Most of the strategies I mention here are from quite a bit of Pinterest browsing and Google searching.  Original sources are recognised when possible.  I also used Vocabulary Strategies that Work, Do this-Not that! by Lori G. Wilfong (2013) for background information and strategy suggestions.  I have mentioned Wilfong’s text before and I could rave about it for quite a while, but I won’t.  Wilfong’s text is certainly worth the purchase price and is an investment that will benefit teachers and students.

Teachers need to understand what VOCABULARY means.  Some teachers call it Word Study, while others call it Vocabulary or Word Level Knowledge or something cute and groovy.  When teachers hear the word “Vocabulary” we all have a different mental picture which is why it needs to be clear.  

Vocabulary is an understanding of words and what they mean.  

When we plan vocabulary activities for our students/ classes we need to ensure that the focus is meaning and building an understanding of meaning.  It is also important to help students understand the various contexts in which a word may be used and what the word means in each context.

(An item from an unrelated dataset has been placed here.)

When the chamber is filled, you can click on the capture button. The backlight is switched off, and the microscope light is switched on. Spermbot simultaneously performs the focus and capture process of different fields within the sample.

Resource One: 15 Vocabulary Strategies in 15 minutes

Most of these strategies are supposed to be completed in 15 minutes.  Some might need a bit more time than that.  I especially like the word splash strategy, vocabulary cartoons and graffiti vocabulary wall.  Most of these activities are great for homework tasks and revision of words learned in class.  Completed definitions that students have created would make wonderful classroom displays.

Resource Two: Vocabulary Rock and Roll

This is a game that students can play to revise vocabulary words.  Each number on the dice is assigned a task.  The student rolls the die and completes the task according to the number it lands on.  For example; if I roll a 2, the task is to write an everyday definition, so I copy the word into my word study book and write a definition in my own words.

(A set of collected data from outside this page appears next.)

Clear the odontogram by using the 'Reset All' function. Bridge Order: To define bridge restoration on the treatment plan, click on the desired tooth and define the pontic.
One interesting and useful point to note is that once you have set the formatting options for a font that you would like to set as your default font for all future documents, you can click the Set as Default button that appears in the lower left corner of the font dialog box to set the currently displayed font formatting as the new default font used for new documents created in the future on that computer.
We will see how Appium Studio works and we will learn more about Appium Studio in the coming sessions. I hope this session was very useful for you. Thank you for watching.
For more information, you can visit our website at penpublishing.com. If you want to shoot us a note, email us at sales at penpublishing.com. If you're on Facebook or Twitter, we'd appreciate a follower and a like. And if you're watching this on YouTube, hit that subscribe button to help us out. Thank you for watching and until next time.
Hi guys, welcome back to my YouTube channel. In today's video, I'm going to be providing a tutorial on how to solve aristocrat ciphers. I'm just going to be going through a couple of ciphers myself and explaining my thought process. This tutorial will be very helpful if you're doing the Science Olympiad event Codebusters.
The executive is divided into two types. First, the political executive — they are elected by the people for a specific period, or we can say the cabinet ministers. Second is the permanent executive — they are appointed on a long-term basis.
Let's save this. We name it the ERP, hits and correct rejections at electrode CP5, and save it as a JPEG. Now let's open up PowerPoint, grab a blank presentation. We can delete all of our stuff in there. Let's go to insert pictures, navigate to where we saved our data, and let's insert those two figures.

 Other numbers are assigned tasks such as; act it out, draw it, write in a meaningful sentence.

Resource Three: Online Visual Dictionaries

Visuwords is an online graphical dictionary that displays results as a graphic organiser.  The source word (search term) appears in the middle of the web and then different coloured lines join the word with other derivations, meanings in various contexts and related words.  If you tend to draw concept maps or web type organisers when you are recording ideas of note taking this site will be useful for you.  It might also help if you need to connect two contexts or meanings of a word.

Dictionary.com is another online dictionary which provides pronunciation of words, derivation, parts of speech and definitions according to context. Contextual sentences are usually included with definitions.

Merriam-Webster’s Visual Dicitonary is also online and provides photographs or drawings to illustrate noun definitions.  The words are sorted in subject area categories such as science, society and sport.  It doesn’t have everything, but some images are useful for accompanying truncated definitions. 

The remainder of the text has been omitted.